Web page caption snippets:
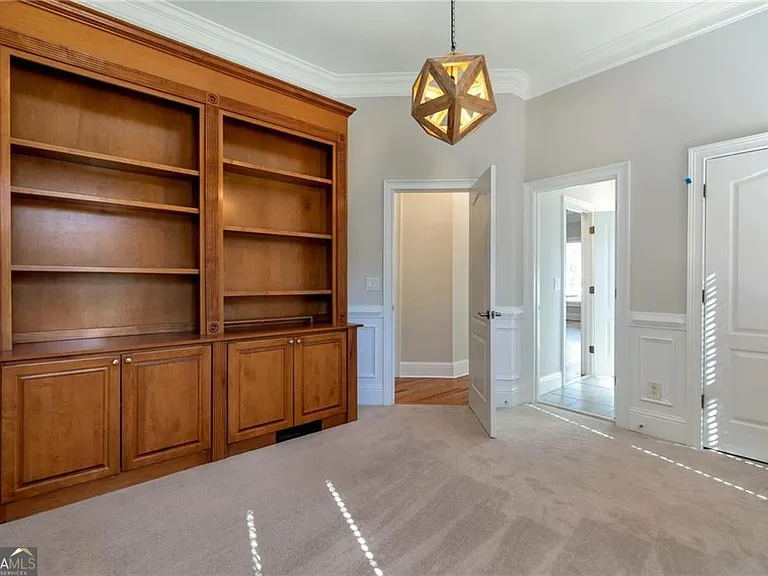 115 Wolf Willow Ct — Photo 24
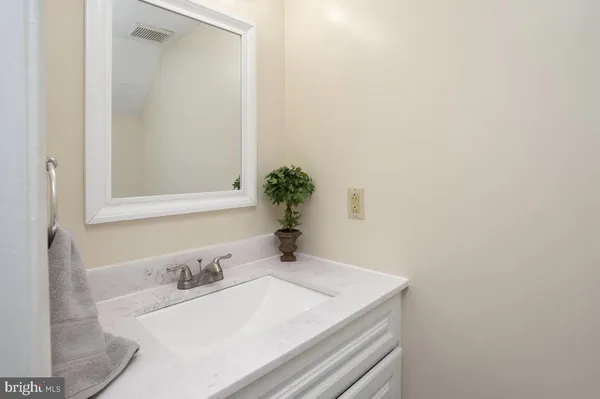 $2,500 | 6276 Whistlers Place, Waldorf, MD 20603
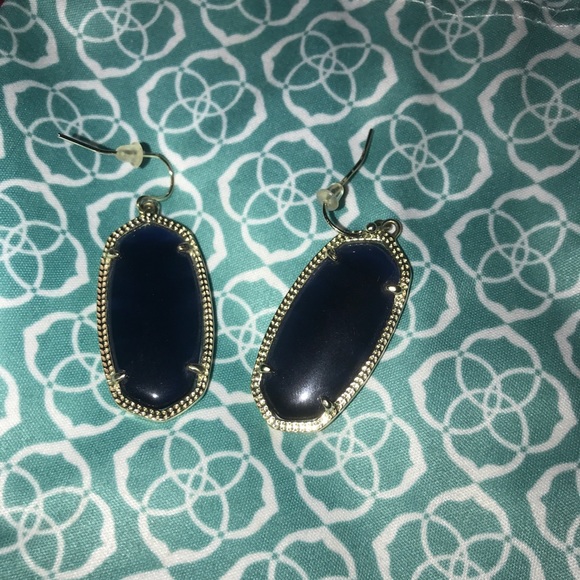 Kendra Scott Jewelry - Kendra Scott Danielle earrings in Navy Cat’s Eye
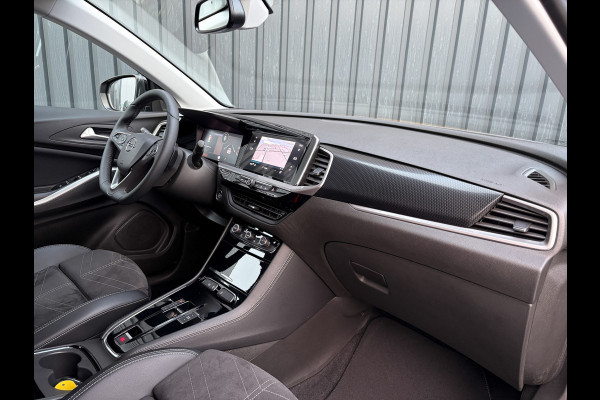 Opel Grandland 1.2 Turbo 130Pk Ultimate | Led Matrix | Elk A-klep | Keyless | Prijs Rijklaar!!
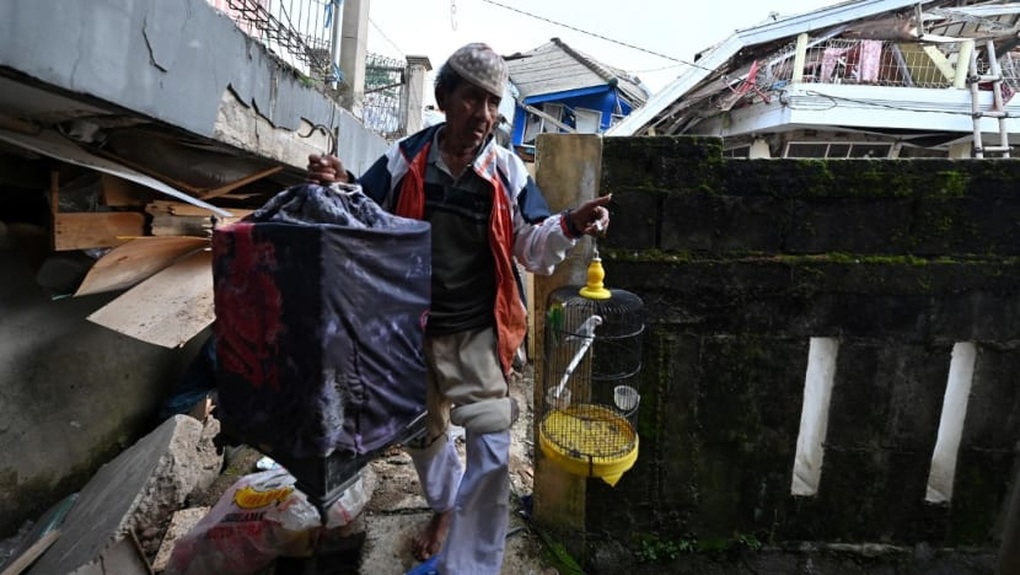 Indonesia chạy đua tìm người sống sót sau động đất kinh hoàng - 9 Indonesia chạy đua tìm người sống sót sau động đất kinh hoàng - 9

Exercise instructions →
Each record should be printed again precisely, though not its pictures.

Your response →
 115 Wolf Willow Ct — Photo 24
 $2,500 | 6276 Whistlers Place, Waldorf, MD 20603
 Kendra Scott Jewelry - Kendra Scott Danielle earrings in Navy Cat’s Eye
 Opel Grandland 1.2 Turbo 130Pk Ultimate | Led Matrix | Elk A-klep | Keyless | Prijs Rijklaar!!
 Indonesia chạy đua tìm người sống sót sau động đất kinh hoàng - 9 Indonesia chạy đua tìm người sống sót sau động đất kinh hoàng - 9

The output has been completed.